The transactional approach is going to be faster than a consultative approach. Where salespeople make mistakes is believing that a given decision doesn’t require a consultative approach, even though the client needs more help making it.
A similar error is to spend as little time as possible with your contacts. Maybe you believe you only need one discovery call with your client before presenting your solution, but your prospects believe they need more information or guidance. Those mismatched beliefs can cost you the sale.
There is no reason to prioritize efficiency if doing so loses a deal you would have won, had you given your decision-makers and decision-shapers the time they needed.
Speeding Through a Decision
You might also find yourself dealing with a client who is trying to make a buying decision faster than they can effectively do so. You have no doubt had a great discovery call that ended with a contact who asked you to send them a proposal and pricing.
Even though you might feel as if you are in a good position to win based on your contact’s request, minimizing the time you spend with your clients can—and will—work against you. You have to develop a keen awareness of where your client is and what they need from you.

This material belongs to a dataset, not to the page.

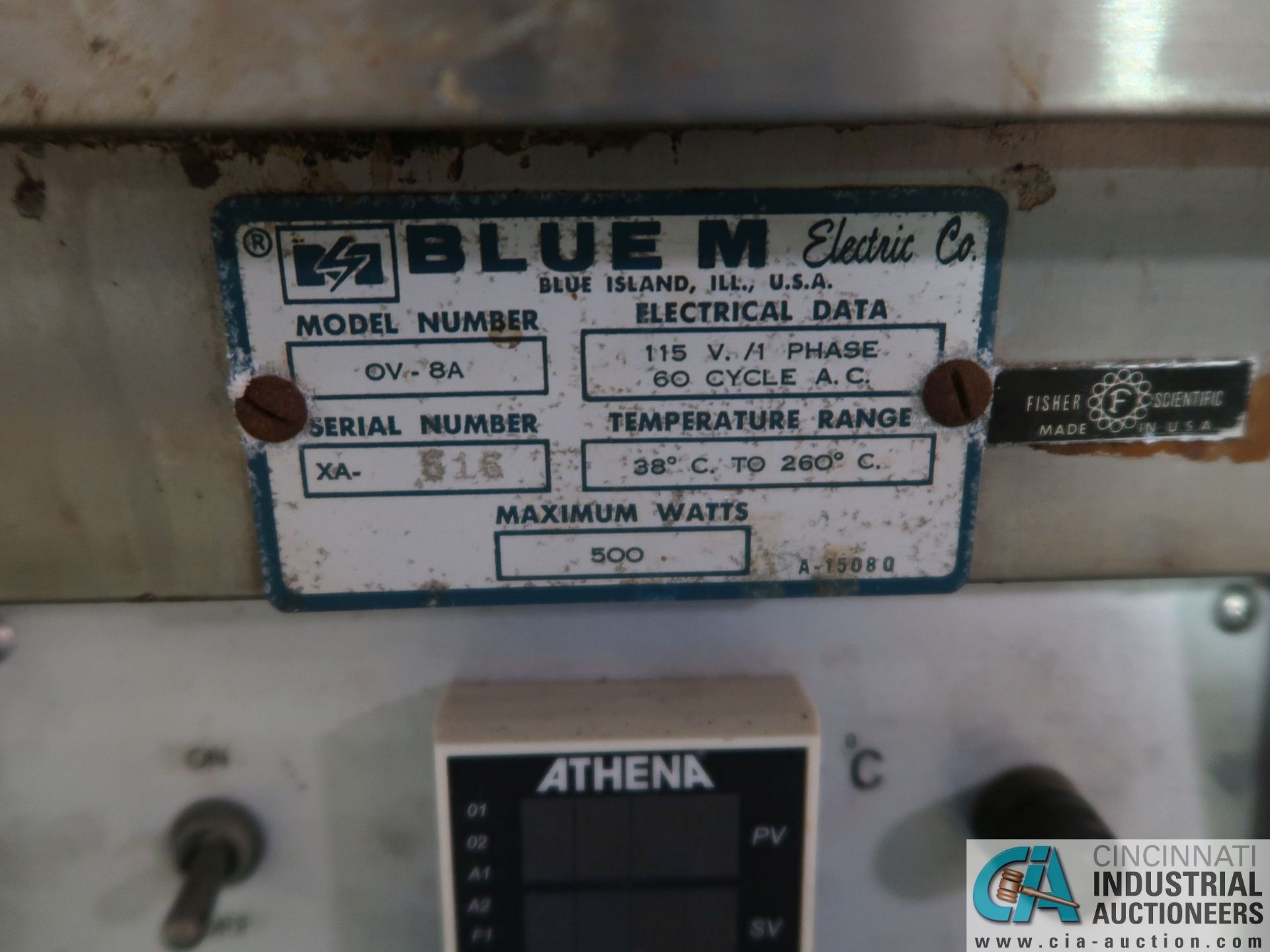 BLUE M ELECTRIC MODEL OV-8A LAB OVEN; S/N XA-516, TEMP. RANGE 38 TO 260 DEGREES CELCIUS - Image 4 of 4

Selling is art, not science. When you have worked in sales for a long time, your gut will tell you that you need to spend more time helping your contacts explore the changes they are making, collaborating with them on what the right solution needs to look like, and building consensus with the people who are going to be affected by the change you are helping them make. Ignoring the tells that suggest your clients need more help, just because you need a deal now, is one way to ensure you don’t win the deal.
The fact that your client needs (or wants) to go faster doesn’t mean that you can help them rush forward to the solution when you haven’t done the work. You are better off selling them on the meetings they need to have, so they can come to a decision they can execute. Likewise, you can shorten the time between your conversations, sharing a roadmap to help the client get to their “go live” date.
Withholding or Delaying Specialized Expertise
When you need subject-matter experts (SMEs) or other team members to serve your prospective client, you’ll probably have to clear several obstacles before you can gain access. Most companies have too few SMEs, so yours try to reserve the SMEs’ time for deals that they believe have a high propensity to close. That means depriving less-promising deals of SME input.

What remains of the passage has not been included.